Вот этот оскорбительный тон социальных сетей, которые так легко и бесцензурно обсуждают Путина и его окружение, уязвляет самого Путина. И надо понимать, что с возрастом это будет усиливаться. Ничего здесь оригинального нет, через это проходили все автократии, и путинская в данном случае не исключение. Поэтому если бы Владимир Владимирович вовремя отошел от этого, выбрал стезю несколько отрешенную, может быть он мог бы позволить себе роскошь взирать на это безучастно, а так его все лично касается, любая инвектива, любой брошенный вызов власти он воспринимает как личное оскорбление. И конечно, видеть внесистемную оппозицию и десятки тысяч людей на улице – для него чудовищное испытание. Именно так он на это реагирует.

Владимир Кара-Мурза: Слушаем москвича Петра.

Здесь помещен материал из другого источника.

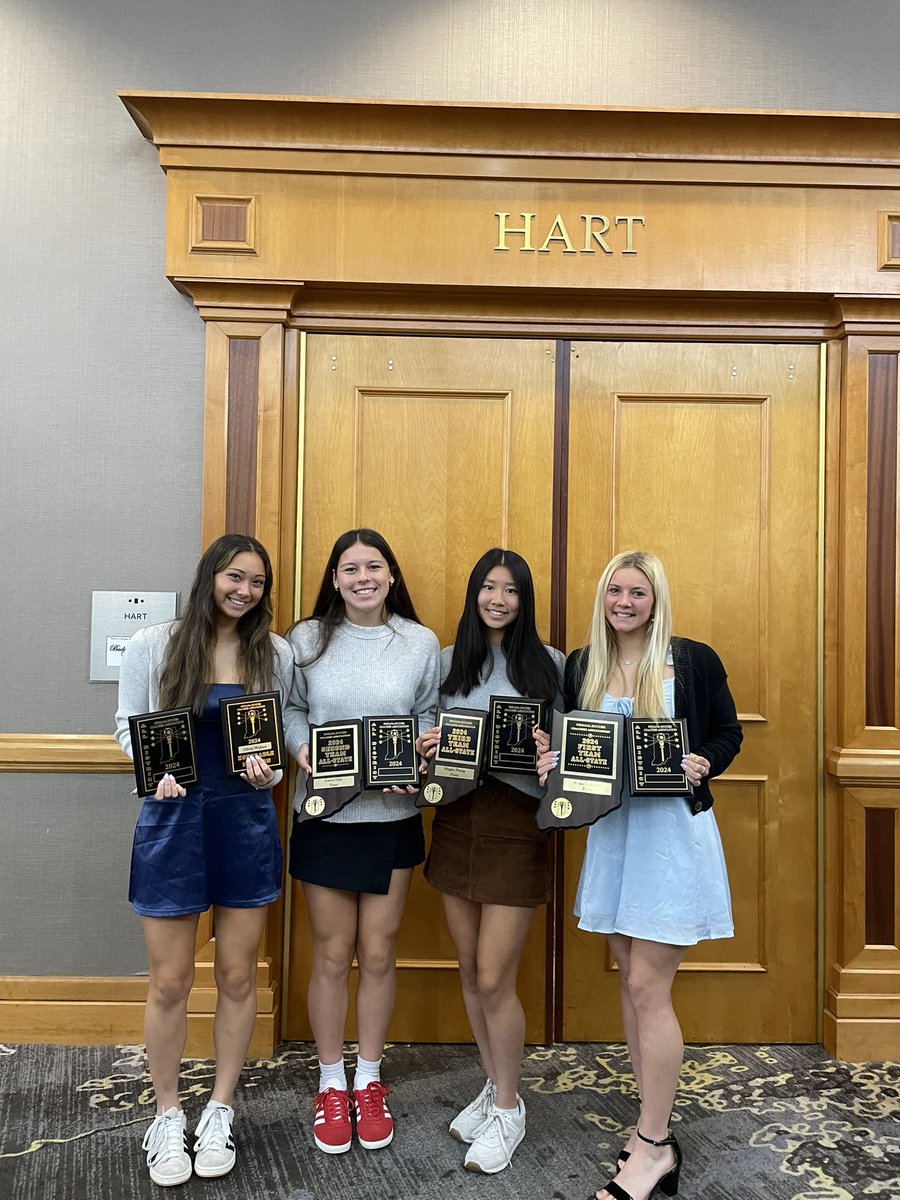 Congrats to our 2024 ISCA All State players, joining a long list of former PGS stars!

Anika Guenther - 1st Team 
Gwen Eiler - 2nd Team
Megan Zhang - 3rd Team
Olivia Widner- Honorable Mention 
Izzy Persyn - Top Team Player 

Positive leaders for our program on and off the field!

Слушатель: Господин Навальный был в передаче у Исаева, нашего известного единоросса. Они мирно беседовали, в конце беседы Навальный сказал ему прямо: а вот у вас там гостиница, и вы туда что-то пересылаете для ее поддержания. Конечно, господин Исаев обиделся. Как было все хорошо, какие бы книги ни писали Коржаков или Полторанин, все было в ажуре, никто не подавал в суд, никто не обижался. Иван Рыбкин недавно сказал: не буду я подавать в суд по защите чести и достоинства. Всех трудоустраивали. Обидно как-то, что это такое – кричать «вор, держи вора». Такую систему создали при Борисе Николаевиче, все понимали, все были при деле. Зачем лезть за большими деньгами, просто позорят Россию, все позорят!

Марк Фейгин: Я не знаю, что тут мне прокомментировать. С тезисом о том, что действительно не вчера это началось, не при Путине, конечно, я абсолютно согласен, система выстраивалась не один день, она годами трансформировалась. Для нас существенно, к чему мы пришли. У 90-х годов хотя бы была перспектива инвариантного развития, могло пойти в одну сторону, могло в другую. Не было этой неизбежности, я не сторонник фатализма политического развития, я как раз считаю, что варианты были и есть всегда. Вполне могло бы статься, что политика в данном случае могла бы терпеть сослагательное наклонение. Хвати больше решимости у Медведева, глядишь, во втором сроке он бы мог взять на себя бремя серьезных реформ. Но не получилось. Какая-то часть олигархии, видимо, проиграла в споре силовиками, и вот результат – имитативные 4 года. А могло быть по-другому? Могло. Равно так же на перекрестке 90-х и 2000-х могло. Просто надо отдавать себе отчет, что мы так глубоко ушли в эту яму, и одних лозунгов не хватает.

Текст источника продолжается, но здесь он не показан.